Les différentes instances représentatives du coaching en France sont généralement d’accord sur le fait que les coachs doivent se former tout au long de leur vie professionnelle.

Le postulat soutenant cette prescription est que cette dynamique d’apprentissage évite de se figer dans des pratiques qui deviendraient obsolètes faute d’être interrogées, permet de se nourrir des découvertes régulièrement effectuées dans le vaste champ des sciences sociales, enfin contribue à affiner notre pratique, en nous fournissant une gamme élargie de grilles de lecture et de techniques d’intervention.

Tout ceci devrait donc nous rendre de plus en plus pertinents et impactants dans nos accompagnements, tout en augmentant notre valeur ajoutée auprès de nos clients. Mais cette invitation à la formation tout au long de la vie peut aussi générer des effets paradoxaux car elle simplifie une problématique complexe : le développement des compétences ne pouvant se limiter à un empilement mécanique de contenus toujours renouvelés…

Se former pourquoi ? Clarifier notre intention

En matière de formation, compte en premier lieu notre motivation personnelle. Or, elle peut varier d’un coach à l’autre. Il nous faut donc identifier nos moteurs d’apprentissage :

  • Nous formons-nous pour des raisons externes ? Afin de pouvoir attester que nous le faisons (en vue d’une accréditation, par exemple), de rassurer nos clients, de nous conformer à un usage ou une prescription au sein de notre communauté professionnelle, ou pour faire des rencontres et étoffer notre réseau ?
  • Nous formons-nous pour des raisons internes ? Afin de progresser, de nous enrichir, de nous tenir en éveil, de secouer nos habitudes, de donner des impulsions à notre pratique, de proposer de nouvelles prestations ? Ou encore pour renforcer notre confiance en nous-même et notre sentiment de légitimité ?
  • Enfin considérons-nous la formation comme un investissement ou au contraire comme une charge ?
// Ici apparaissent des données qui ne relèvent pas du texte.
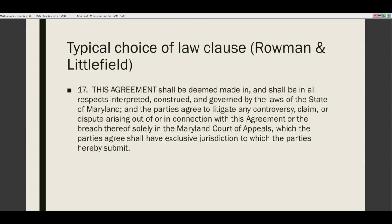Here is a typical choice of law clause from Rowman & Littlefield. Most public institutions that see this in a contract can't accept it — most public institutions must be governed by the law where they are. At the University of Kansas, for example, we can only accept Kansas state law.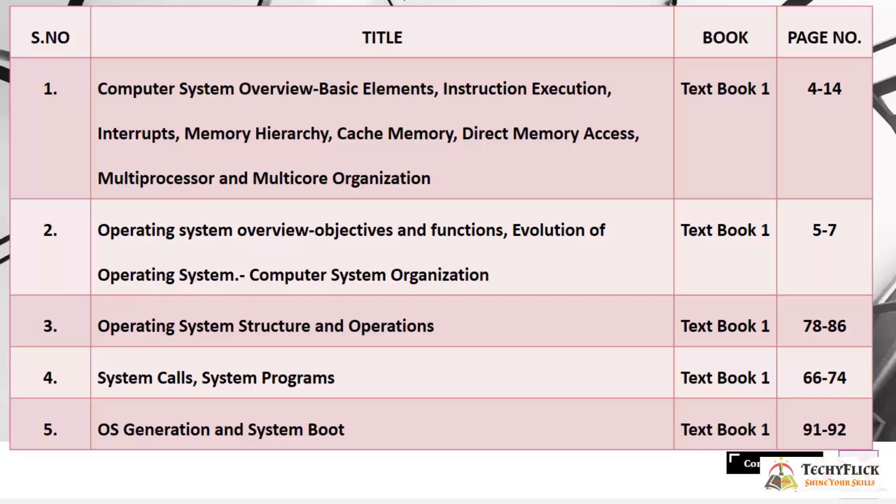The first title in Unit 1 is Computer System Overview, which covers Basic Elements, Instruction Execution, Interrupts, Memory Hierarchy, Cache Memory, Direct Memory Access, and Multiprocessor and Multicore Organization. All of these are computer system concepts related to hardware, memories, accesses, and computer architecture.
Autant de questions utiles pour éclairer le choix d’une nouvelle formation.

Se former comment ? Construire un parcours sur-mesure

A chaque étape de son parcours, tout coach doit évaluer à la fois ses acquis et ses manques en termes de posture, de savoir-faire ou de techniques, mais aussi veiller à articuler les différents savoirs qu’il veut agréger.

En effet, chacun d’entre nous peut capitaliser sur des savoirs et savoir-faire antérieurs à sa pratique du métier de coach et cela oriente largement le champ des apprentissages complémentaires qu’il ou elle a intérêt à réaliser : un ancien directeur commercial ou un DSI n’aura pas les mêmes besoins qu’un ex formateur ou un psychothérapeute. De plus, la nature des premiers apprentissages structurants réalisés en tant que coach sur-déterminera les besoins qui apparaîtront plus tard.

C’est pourquoi il n’existe pas un parcours de professionnalisation prédéfini et universel : à l’instar de beaucoup de choses dans l’activité de coaching, il s’agit de concevoir des itinéraires sur-mesure, loin des autoroutes de la formation, avec leurs fléchages prescriptifs, leur vitesse réglementée, leurs aires de repos balisées et leurs espaces de restauration rapide accolés aux stations-services…

Identifier ses formations à venir, leur contenu, leur fréquence et leur ordre participe de la construction d’une identité professionnelle ; or, celle-ci est toujours singulière. Et ces choix imposent parfois d’assumer une forme de solitude… Car rien ne dit que les modes qui se manifestent aussi dans le grand marché de la formation soient les meilleures conseillères pour guider les praticien.nes dans leur propre édification professionnelle…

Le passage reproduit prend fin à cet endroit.